By default, toolkits in a team project use project credentials — a single shared set of secrets that all team members execute under. This works for many scenarios, but it means all actions appear under one account, making it impossible to audit who did what or enforce per-user access controls. User-specific credentials solve this by letting the toolkit reference a private credential instead. Each team member creates their own private credential with a matching Credential ID, and the system automatically resolves to the individual user’s credential at execution time — no shared secrets, no ambiguous audit trails. Key Benefits

Enhanced Security

Each user executes the toolkit with their own credentials — no shared secrets that can be over-permissioned or accidentally exposed.

Individual Auditability

Actions are attributed to the individual user’s account on the target service, making audit trails accurate and meaningful.

Granular Access Control

Each user’s access level on the target service (e.g., read-only vs. write) is naturally enforced through their own credentials.

Compliance-Ready

Meets security and compliance requirements that mandate individual accountability for automated actions.

How It Works

Limitations of Shared Credentials When creating toolkits in a team project with project credentials:
  • All users share the same credentials.
  • Actions appear under a single account.
  • It’s difficult to audit individual user actions.
  • Potential security and compliance issues.
Per-User Private Credentials By using private credentials with matching IDs, each user’s own credentials are automatically resolved at execution time — no shared secrets, no ambiguous audit trails. Execution flow:
  • The team (or toolkit creator) agrees on a common Credential ID (e.g., github_team_access).
  • Each user creates a private credential in their Private workspace using that exact ID.
  • The toolkit creator configures the project toolkit to reference a private credential with that ID.
  • When a user executes the toolkit, the system looks up a private credential in their workspace matching the configured ID and uses it automatically.

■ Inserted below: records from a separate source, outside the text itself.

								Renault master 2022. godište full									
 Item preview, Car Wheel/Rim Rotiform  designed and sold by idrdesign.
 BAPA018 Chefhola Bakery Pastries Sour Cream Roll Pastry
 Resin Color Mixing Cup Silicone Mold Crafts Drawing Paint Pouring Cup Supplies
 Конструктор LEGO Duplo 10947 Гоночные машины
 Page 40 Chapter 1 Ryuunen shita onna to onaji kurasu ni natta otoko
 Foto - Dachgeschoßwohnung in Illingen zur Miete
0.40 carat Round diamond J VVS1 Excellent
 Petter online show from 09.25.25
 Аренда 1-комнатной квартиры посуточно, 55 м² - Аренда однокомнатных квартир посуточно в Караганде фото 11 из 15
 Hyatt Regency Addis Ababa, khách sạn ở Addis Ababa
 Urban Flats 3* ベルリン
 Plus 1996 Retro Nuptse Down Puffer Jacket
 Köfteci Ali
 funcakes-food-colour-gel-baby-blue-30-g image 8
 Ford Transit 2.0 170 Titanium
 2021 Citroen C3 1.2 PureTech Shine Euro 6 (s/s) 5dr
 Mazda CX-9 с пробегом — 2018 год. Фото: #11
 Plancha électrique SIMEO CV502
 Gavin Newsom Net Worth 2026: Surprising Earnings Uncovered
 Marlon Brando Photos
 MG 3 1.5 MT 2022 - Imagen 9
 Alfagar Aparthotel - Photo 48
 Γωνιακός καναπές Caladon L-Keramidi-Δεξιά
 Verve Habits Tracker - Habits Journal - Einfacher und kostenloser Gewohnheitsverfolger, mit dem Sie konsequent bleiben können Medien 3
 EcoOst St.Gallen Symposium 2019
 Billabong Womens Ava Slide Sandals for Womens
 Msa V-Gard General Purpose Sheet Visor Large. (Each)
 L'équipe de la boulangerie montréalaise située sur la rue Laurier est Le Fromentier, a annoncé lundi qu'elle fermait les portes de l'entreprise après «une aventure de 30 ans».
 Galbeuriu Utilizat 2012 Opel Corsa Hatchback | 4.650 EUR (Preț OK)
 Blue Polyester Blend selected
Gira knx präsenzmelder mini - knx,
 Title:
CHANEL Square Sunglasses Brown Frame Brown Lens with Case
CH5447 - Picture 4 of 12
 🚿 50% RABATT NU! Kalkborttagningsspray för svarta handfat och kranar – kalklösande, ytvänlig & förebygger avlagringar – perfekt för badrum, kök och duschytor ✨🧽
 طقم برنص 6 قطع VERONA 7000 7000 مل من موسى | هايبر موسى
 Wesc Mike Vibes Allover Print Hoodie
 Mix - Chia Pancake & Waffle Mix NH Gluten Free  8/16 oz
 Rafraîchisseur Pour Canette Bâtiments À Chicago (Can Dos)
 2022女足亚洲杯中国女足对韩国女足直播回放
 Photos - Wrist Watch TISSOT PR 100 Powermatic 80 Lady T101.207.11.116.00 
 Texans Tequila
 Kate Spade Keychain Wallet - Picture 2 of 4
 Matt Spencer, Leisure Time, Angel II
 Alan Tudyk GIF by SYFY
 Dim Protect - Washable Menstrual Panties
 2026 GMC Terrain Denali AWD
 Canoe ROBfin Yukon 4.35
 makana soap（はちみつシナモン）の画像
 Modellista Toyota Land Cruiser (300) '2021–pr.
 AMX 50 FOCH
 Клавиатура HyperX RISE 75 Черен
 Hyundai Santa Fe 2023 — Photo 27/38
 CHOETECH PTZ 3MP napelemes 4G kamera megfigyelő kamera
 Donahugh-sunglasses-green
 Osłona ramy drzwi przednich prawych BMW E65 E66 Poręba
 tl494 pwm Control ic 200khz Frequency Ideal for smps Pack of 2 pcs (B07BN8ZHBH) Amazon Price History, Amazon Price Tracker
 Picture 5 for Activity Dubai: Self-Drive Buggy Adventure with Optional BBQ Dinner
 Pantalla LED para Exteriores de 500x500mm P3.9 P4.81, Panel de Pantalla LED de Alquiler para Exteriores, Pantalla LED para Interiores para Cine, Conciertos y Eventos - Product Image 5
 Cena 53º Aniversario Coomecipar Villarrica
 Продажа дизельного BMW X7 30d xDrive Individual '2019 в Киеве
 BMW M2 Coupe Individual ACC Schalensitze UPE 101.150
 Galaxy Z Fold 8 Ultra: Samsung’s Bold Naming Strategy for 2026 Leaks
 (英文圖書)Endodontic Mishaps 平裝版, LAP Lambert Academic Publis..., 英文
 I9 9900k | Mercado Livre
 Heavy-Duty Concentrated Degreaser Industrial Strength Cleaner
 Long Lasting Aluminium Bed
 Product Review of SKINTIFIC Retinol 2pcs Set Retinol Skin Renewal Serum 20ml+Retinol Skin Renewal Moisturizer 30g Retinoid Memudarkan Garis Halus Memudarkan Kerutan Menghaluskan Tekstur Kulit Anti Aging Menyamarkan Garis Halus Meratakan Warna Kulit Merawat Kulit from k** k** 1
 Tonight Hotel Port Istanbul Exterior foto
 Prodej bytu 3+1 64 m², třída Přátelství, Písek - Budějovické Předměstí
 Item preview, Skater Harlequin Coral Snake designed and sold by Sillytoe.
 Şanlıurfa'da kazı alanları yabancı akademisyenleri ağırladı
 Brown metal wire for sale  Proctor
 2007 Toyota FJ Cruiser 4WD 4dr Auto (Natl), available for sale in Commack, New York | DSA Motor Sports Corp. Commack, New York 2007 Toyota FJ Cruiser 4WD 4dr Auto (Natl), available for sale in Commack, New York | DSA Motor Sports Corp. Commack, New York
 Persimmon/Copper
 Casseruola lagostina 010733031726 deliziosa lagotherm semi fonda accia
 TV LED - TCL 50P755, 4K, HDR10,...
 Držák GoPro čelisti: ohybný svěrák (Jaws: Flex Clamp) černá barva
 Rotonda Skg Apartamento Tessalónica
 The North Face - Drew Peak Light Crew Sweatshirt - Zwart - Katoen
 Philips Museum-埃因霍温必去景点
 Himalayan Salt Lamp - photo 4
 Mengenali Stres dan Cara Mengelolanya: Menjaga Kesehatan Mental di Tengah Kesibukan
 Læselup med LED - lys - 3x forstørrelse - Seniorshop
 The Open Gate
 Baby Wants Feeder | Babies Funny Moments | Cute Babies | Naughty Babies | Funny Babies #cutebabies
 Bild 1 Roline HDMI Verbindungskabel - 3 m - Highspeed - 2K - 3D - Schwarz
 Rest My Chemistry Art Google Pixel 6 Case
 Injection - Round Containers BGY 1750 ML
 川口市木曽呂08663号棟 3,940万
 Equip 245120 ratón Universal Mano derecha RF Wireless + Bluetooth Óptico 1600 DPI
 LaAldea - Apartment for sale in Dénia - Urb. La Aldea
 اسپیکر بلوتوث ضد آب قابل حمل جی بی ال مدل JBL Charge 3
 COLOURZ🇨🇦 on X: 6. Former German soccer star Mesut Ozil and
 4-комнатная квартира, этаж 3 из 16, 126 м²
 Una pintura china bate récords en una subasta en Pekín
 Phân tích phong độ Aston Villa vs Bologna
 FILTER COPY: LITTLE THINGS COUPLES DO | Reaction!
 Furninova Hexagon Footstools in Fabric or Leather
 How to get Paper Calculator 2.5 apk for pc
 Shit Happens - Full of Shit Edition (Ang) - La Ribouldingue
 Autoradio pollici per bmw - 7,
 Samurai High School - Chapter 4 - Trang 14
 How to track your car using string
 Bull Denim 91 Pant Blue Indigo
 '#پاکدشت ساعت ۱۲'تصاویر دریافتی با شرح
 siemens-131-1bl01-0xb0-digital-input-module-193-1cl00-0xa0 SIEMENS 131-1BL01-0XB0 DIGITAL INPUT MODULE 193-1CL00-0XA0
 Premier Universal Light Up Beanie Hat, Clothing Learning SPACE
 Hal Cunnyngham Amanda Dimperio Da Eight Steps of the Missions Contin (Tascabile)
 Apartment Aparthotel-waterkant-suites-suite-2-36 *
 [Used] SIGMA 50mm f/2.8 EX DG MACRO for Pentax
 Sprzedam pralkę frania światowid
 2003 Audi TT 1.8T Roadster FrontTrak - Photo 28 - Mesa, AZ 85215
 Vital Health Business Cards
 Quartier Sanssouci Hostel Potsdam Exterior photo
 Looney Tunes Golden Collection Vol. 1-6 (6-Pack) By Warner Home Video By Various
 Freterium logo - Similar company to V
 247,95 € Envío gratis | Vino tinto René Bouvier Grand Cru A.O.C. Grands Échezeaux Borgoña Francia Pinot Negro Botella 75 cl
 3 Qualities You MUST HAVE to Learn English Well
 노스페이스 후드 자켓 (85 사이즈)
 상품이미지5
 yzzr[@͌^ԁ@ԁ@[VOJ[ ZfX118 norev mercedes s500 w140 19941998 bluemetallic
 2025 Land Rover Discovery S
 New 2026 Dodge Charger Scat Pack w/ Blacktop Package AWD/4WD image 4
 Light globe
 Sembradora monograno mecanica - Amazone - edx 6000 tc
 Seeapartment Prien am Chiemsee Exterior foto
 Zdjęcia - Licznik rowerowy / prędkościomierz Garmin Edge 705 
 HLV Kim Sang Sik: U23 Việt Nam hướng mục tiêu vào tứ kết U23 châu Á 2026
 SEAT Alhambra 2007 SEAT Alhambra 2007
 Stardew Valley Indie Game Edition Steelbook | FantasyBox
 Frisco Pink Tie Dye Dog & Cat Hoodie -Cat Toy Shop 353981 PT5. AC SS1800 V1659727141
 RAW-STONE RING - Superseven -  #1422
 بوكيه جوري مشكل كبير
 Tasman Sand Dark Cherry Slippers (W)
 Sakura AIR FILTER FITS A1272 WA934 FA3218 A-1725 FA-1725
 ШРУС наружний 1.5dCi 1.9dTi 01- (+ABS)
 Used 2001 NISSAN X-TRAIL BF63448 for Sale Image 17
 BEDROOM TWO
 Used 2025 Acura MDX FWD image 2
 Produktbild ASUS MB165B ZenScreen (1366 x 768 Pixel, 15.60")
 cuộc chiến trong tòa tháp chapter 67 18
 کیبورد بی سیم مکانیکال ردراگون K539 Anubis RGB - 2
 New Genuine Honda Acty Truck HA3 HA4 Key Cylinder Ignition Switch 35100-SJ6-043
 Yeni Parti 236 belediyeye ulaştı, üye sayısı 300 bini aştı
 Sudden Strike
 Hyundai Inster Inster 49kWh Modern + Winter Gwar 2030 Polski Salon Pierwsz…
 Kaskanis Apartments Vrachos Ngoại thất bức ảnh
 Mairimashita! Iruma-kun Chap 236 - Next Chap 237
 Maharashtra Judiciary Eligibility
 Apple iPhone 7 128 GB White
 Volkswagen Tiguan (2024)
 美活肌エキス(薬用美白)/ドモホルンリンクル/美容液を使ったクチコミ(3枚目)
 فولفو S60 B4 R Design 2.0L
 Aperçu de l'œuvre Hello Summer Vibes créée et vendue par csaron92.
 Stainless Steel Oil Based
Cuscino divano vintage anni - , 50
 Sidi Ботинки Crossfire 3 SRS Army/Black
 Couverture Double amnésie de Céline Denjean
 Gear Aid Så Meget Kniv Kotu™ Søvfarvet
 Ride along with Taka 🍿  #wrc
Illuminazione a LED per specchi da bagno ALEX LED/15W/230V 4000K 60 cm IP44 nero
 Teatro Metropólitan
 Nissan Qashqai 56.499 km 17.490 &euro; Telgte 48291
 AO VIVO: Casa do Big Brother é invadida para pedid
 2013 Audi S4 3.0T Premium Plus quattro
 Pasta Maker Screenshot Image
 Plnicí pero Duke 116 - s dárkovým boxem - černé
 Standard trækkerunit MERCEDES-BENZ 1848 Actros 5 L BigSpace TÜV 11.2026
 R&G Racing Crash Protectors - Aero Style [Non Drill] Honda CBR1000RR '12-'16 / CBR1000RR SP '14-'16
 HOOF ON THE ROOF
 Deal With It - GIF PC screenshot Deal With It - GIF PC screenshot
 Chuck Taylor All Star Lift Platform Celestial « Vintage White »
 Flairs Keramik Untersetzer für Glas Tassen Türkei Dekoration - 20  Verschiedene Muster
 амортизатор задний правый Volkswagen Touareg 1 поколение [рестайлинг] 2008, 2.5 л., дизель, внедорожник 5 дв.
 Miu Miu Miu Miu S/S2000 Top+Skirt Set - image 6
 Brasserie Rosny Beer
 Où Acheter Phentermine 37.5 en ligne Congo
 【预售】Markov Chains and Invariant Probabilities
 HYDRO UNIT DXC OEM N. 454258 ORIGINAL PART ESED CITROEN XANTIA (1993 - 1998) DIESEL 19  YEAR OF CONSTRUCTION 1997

Understanding Credential Types

Project Credentials vs Private Credentials Credential Types Overview Project Credentials:
  • Created and stored at the project level
  • Accessible to all project members (based on their role permissions)
  • Shared across the entire project team
  • Identified by a briefcase icon () in the interface
In a team project, both project credentials and the current user’s private credentials are shown in the credential selector, filtered by toolkit type (e.g. only GitHub credentials appear for a GitHub toolkit).
Private Credentials:
  • Created and stored in individual user’s private workspace
  • Only accessible to the credential owner
  • Cannot be shared with other users
  • Identified by a human icon () in the interface
In a Private workspace, only private credentials are available — no project credentials are shown.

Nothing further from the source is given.